Biblo Tøyen

Attention book lovers! Scandinavia is home to some of the world’s most impressive libraries. Not only do they house thousands of books, they are designed to impress. Here are three to put on your bucket list.

 

Deichman Bjørvika

Situated between the Oslo Opera House and Oslo Central Station is one of Norway’s coolest new buildings. The modern Deichman Bjørvika opened in June 2020. In addition to the many books, the library has a cinema, cafés and lots of meeting spaces. Each of the building’s six floors has a different atmosphere. Grab a cup of coffee or bite to eat on the first floor before an afternoon of exploring.
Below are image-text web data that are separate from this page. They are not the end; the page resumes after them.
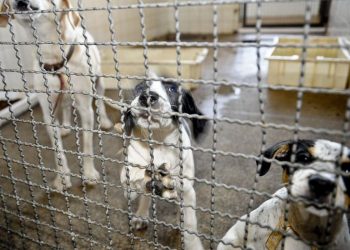 Adoção e abandono de animais domésticos aumentam durante a pandemia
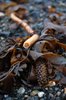detritus 1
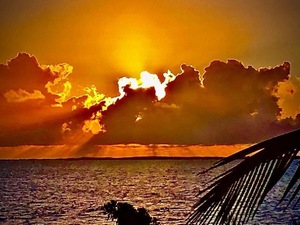 Twilights Embrace: Ocean Sunset Romance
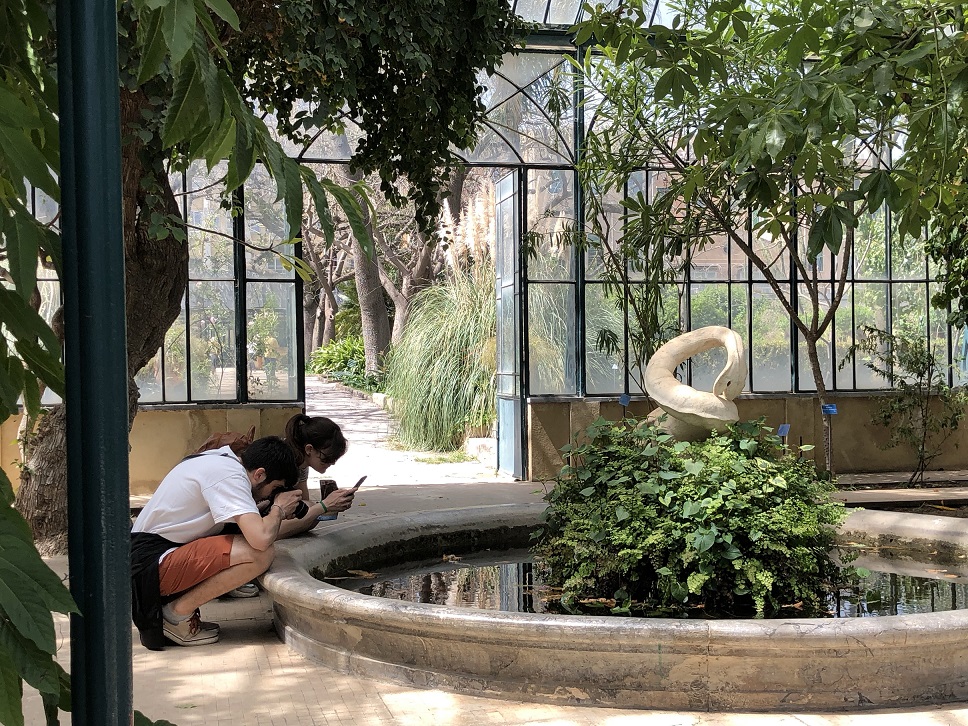 Campus dei piccoli: edizione straordinaria, dal 31 agosto all’11 settembre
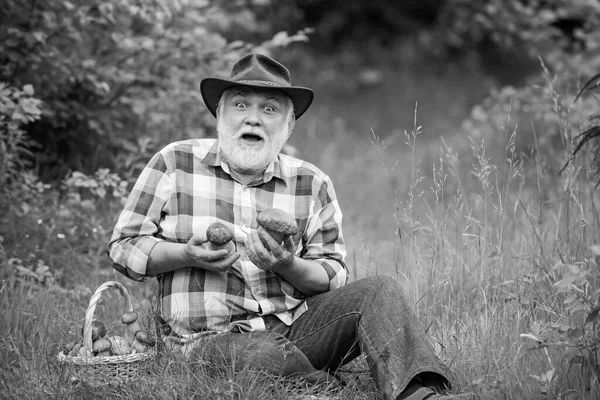 Grandfather with basket of mushrooms and a surprised facial expression. Mushrooming in forest, Grandfather hunting mushrooms over summer forest background. — Stock Photo, Image
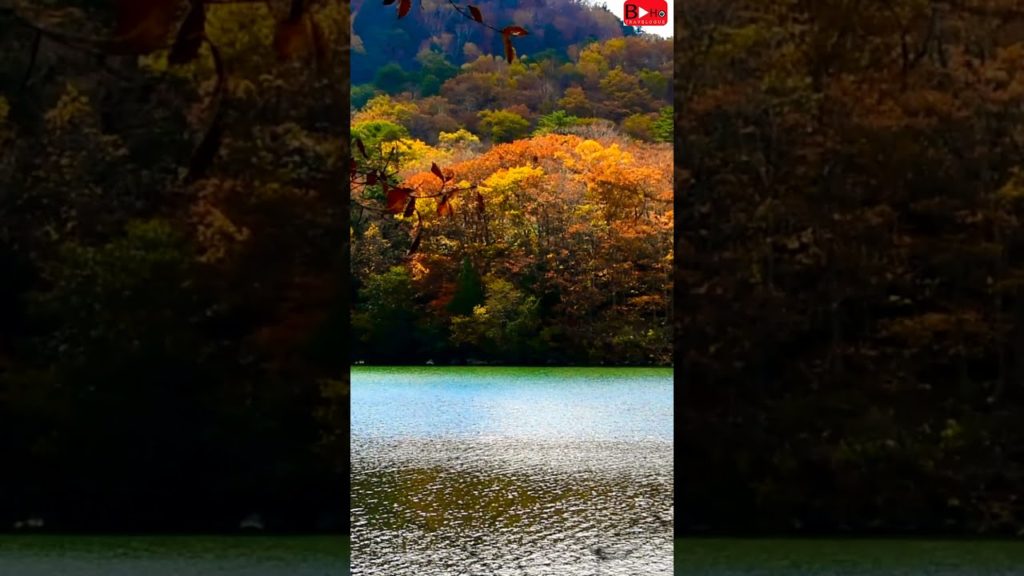 Vibrant Autumn Colours in Nagano, Japan #shrots Vibrant Autumn Colours in Nagano, Japan #shrots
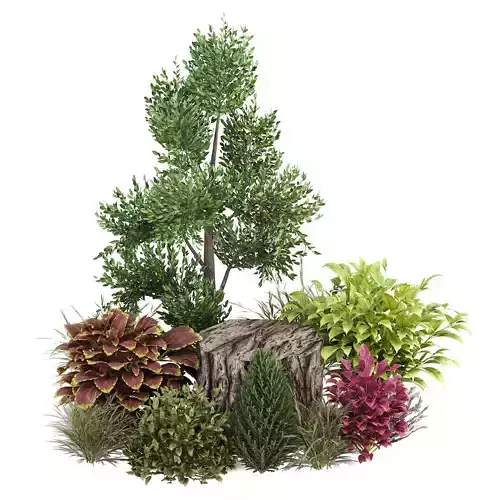  Backyard and landscape garden tree and shrub 02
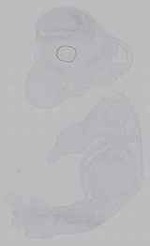 EMAGE:14727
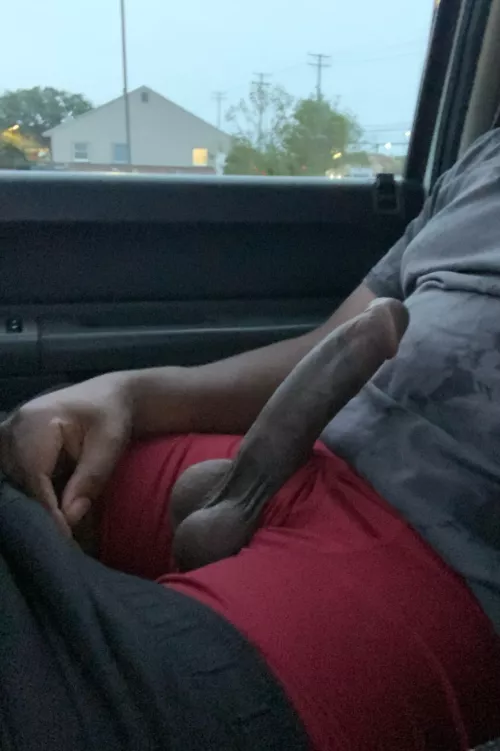 I’m back and here’s another post for you🩶🌹 by DaddyLycan2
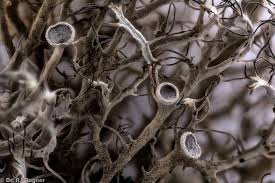 Attēlu rezultāti vaicājumam “Anaptychia ciliaris”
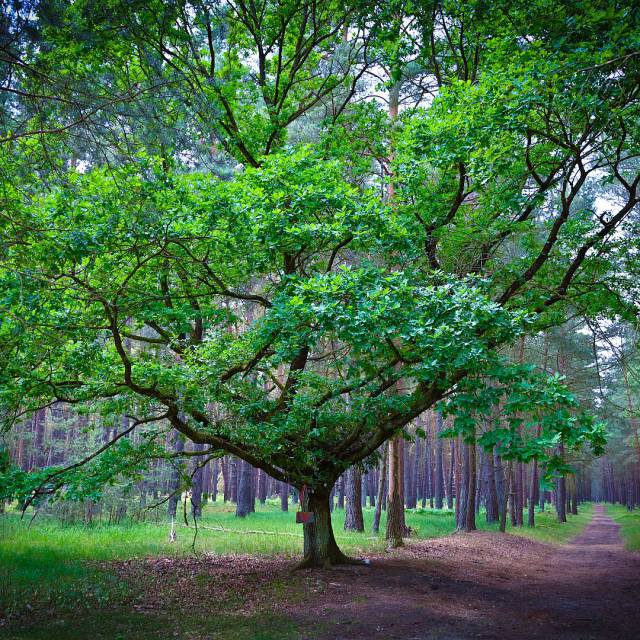 großer Baum, mit einer Tasche im Wald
The second floor is the children’s floor and has amazing spots to play and see interactive video installations. The third floor is filled with music, films and games. You can even borrow a 3D printer, vinyl cutter and other textile machines. Those wanting quiet study rooms can hunker down on the fourth floor. The Future Library has its own room on the fifth floor.

 

Biblo Tøyen

Norway’s first youth-only library is an innovative place for children aged 10 to 15 to learn and have fun. Not only is Biblo Tøyen home to the country’s largest collection of children’s books, it also offers unique experiences, such as computer programming, 3D printing, music activities and cooking classes. The entire space encourages creativity and imagination. The books sit on floating shelves and are grouped by themes like animals and science fiction. Children can cozy up with their books in creative reading spaces—including a pink van, a ski lift and a wheelbarrow that have all been converted into seating.

 

Vennesla Library and Cultural Center

Situated in Vennesla, Norway, this library is an architectural gem. In 2009, Norwegian architecture firm Helen & Hard won a competition to design this community space consisting of a library, café and public meeting area. The striking building opened in 2011. One of the most eye-catching features is the ribbed interior design, with wooden beams that curve around the ceiling and walls. Private study spaces are embedded within the bookshelves, and a large glass façade connects the interior to the city’s main square.